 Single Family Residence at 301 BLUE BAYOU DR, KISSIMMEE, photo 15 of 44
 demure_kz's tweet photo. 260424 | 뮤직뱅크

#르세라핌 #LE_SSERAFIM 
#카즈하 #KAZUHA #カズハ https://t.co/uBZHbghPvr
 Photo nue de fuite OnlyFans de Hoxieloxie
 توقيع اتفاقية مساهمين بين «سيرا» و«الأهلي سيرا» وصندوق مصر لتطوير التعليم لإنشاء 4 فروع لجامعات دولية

* * *

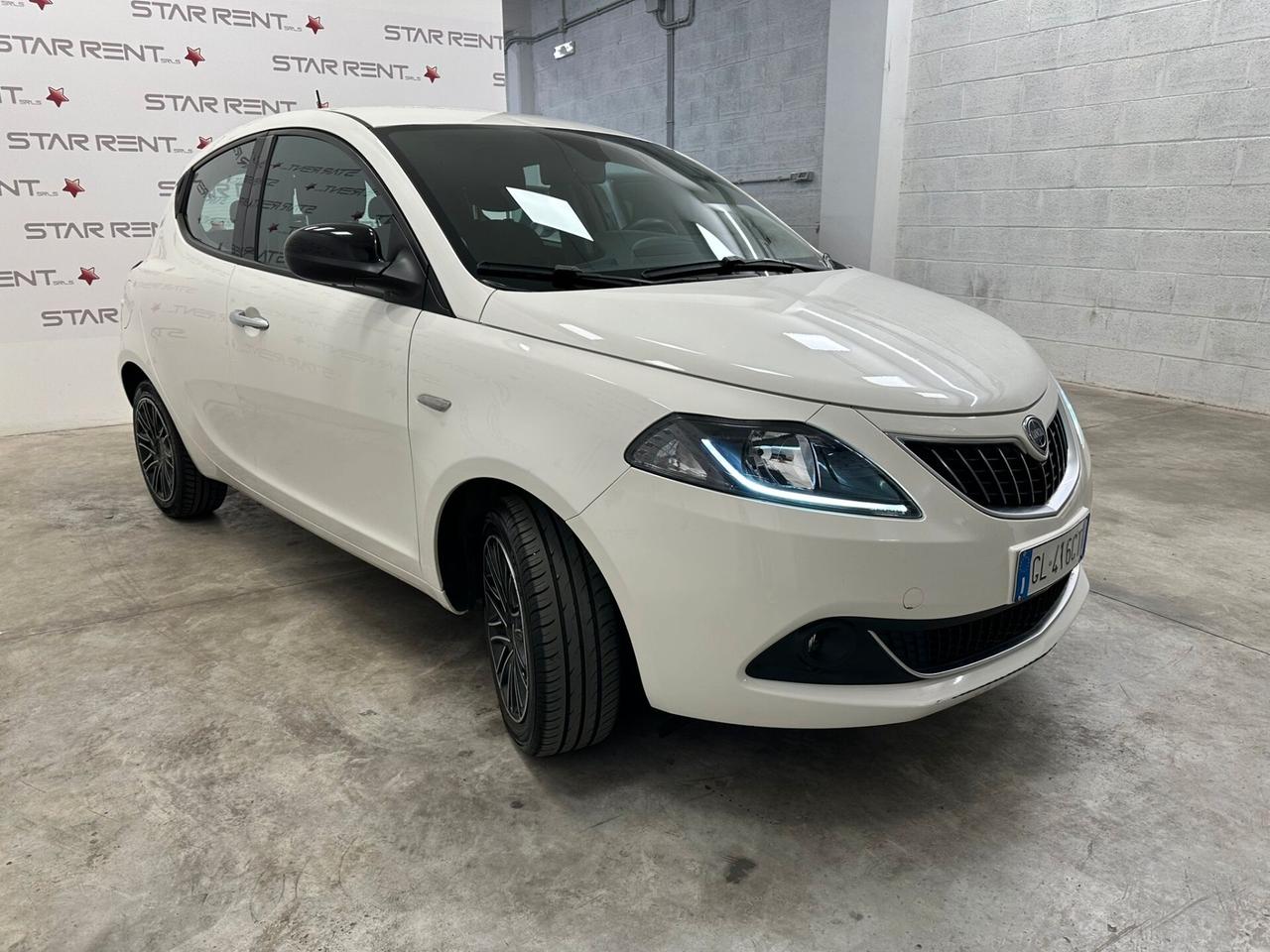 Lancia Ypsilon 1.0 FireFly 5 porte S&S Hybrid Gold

Description of the task
Take exactly the lines from the one containing "Photo nue de fuite OnlyFans de Hoxieloxie" through the one containing "توقيع اتفاقية مساهمين" in the data above, and output them with nothing added.

Solved exercise
 Photo nue de fuite OnlyFans de Hoxieloxie
 توقيع اتفاقية مساهمين بين «سيرا» و«الأهلي سيرا» وصندوق مصر لتطوير التعليم لإنشاء 4 فروع لجامعات دولية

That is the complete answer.